Viene da chiedersi quanto siano stati ragionati questi approfondimenti, dal momento che nella Costituzione italiana campeggia un certo art. 29 che riconosce «i diritti della famiglia come società naturale fondata sul matrimonio». Non occorre un grande sforzo per capire che, alla  luce di questa norma, nel nostro ordinamento non c’è spazio per alcuna “genitorialità omosessuale”: i figli nascono da un uomo e una donna. Ma il problema è proprio questo: ormai di “natura” non vuol sentir parlare più nessuno; neanche se la parola è stata inserita in Costituzione al chiaro scopo di evidenziare che «lo Stato non crea i diritti della famiglia, ma li riconosce… perché la famiglia ha dei diritti originari» (Lavori Preparatori, p. 68). Ora, se la famiglia è una comunità originaria, i cui diritti sono antecedenti allo Stato (che, del resto, senza l’aggregazione di famiglie non potrebbe esistere), dove affonda le sue radici, se non nella natura?

Attenzione, non stiamo parlando del rousseauiano (e mitologico) stato di natura del buon selvaggio, ma dell’ordine che governa le relazioni sociali in vista del bene comune, e quindi secondo ragione.
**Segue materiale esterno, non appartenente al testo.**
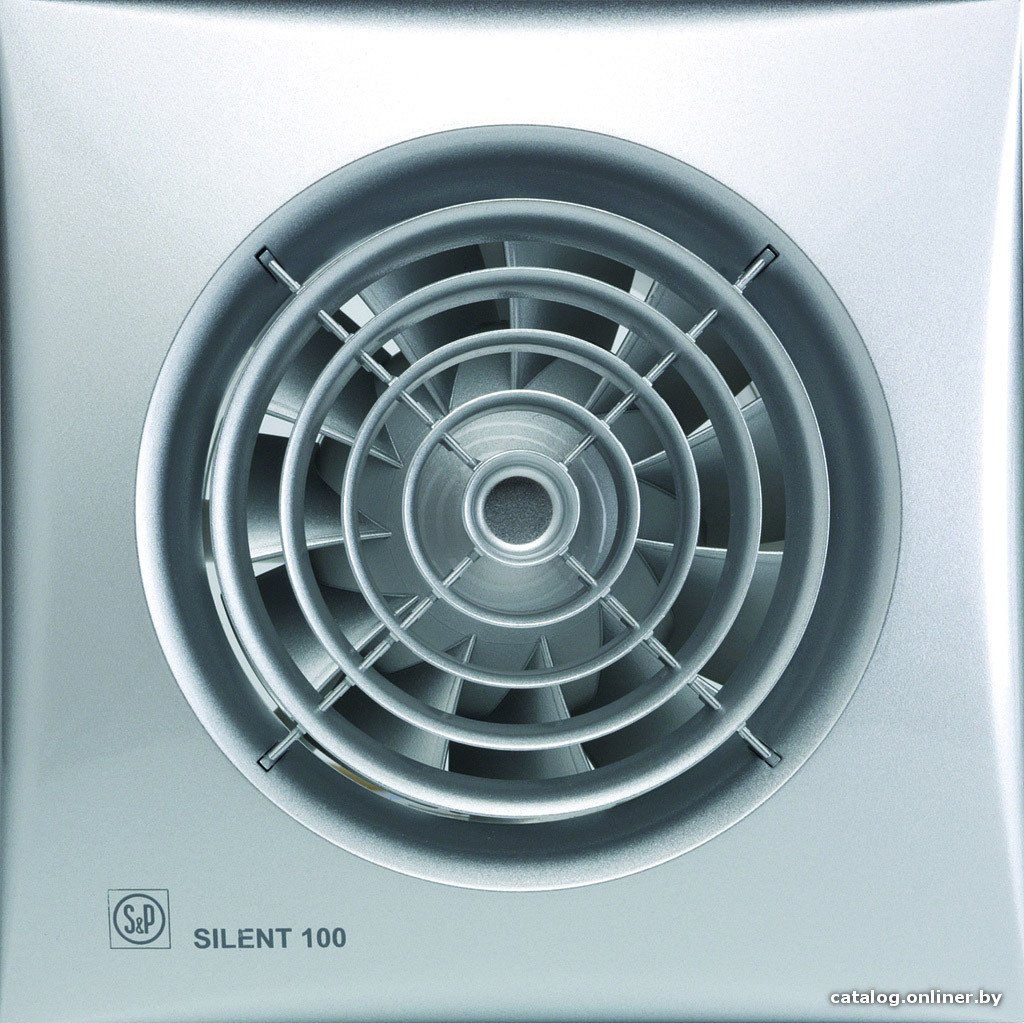 Осевой вентилятор Soler&Palau Silent-200 CZ Silver [5210318100]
In quest’ottica è fin troppo banale osservare che secondo l’ordine naturale non esistono “famiglie omosessuali” (rendiamo merito al ministro Fontana), perché l’unica unione in grado di immettere nuovi membri nel corpo sociale è quella tra uomo e donna. La “famiglia omosessuale” è un’invenzione dello Stato post-moderno che non ammette altro diritto se non quello positivo, e dove la giustizia è alla mercé della maggioranza.

Ecco perché è bene fare attenzione a non invocare la legge sulle unioni civili o la legge sulla fecondazione artificiale per imputare ai sindaci “rivoluzionari” una condotta ingiusta. La circostanza che per la prima non sia prevista la doppia genitorialità omosessuale, o per la seconda sia vietata la fecondazione eterologa omosessuale, è puramente accidentale e irrilevante. L’operato di questi sindaci è contra legem perché, prima ancora, è contra naturam; non certo perché in antinomia con due leggi intrinsecamente ingiuste e quindi, per diritto naturale, inesistenti. Il mondo intero è pronto a riconoscere una giustizia originaria e sovralegale quando si tratta di condannare le leggi razziali; tutti giusnaturalisti improvvisati che spariscono quando bisogna difendere l’istituzione naturale per eccellenza contro gli attacchi dell’ideologia.

Certo, il contrasto con le due leggi sopra citate è la spia di un ammutinamento sempre più diffuso, che mostra quanto ormai l’ossessione omosessualista abbia invaso le istituzioni e fino a che punto sia capace di condizionare coloro che le occupano, spingendoli fino alla disobbedienza civile. Perciò occorre reagire con sempre più fermezza di fronte a questi episodi, rivendicando il diritto dei figli a crescere con un padre e una madre, come impongono la natura e il più semplice buon senso.